Most of all I’d like to thank you, for your personal support of me, because while I have some interest in you, and in making this a better place, I realize that most of what fuels me and my campaign is that I need this. I need to win. I need to feel needed, and winning will help me feel good about myself. That’s my greatest good. And I’m in good company since most of you are the same: your greatest good is no higher than your own good. So we’re made for each other.
So let me conclude with words I don’t really mean: God bless you, and God bless the United States of America.”

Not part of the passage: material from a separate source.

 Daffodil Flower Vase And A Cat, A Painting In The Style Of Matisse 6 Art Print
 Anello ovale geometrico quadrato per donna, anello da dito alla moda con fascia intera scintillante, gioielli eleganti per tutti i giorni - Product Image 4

If anyone gives that speech, the crowd goes silent, the men spit the olives back into their martini glasses, and the campaign manager suddenly needs smelling salts. It’s a cynical vision of politics, I know, but I’m not alone. One commentator put it this way this week: “November 2012 will be the most important auction in our nation's history.” Sadly there’s probably more truth to this cynical view than we’d like to admit.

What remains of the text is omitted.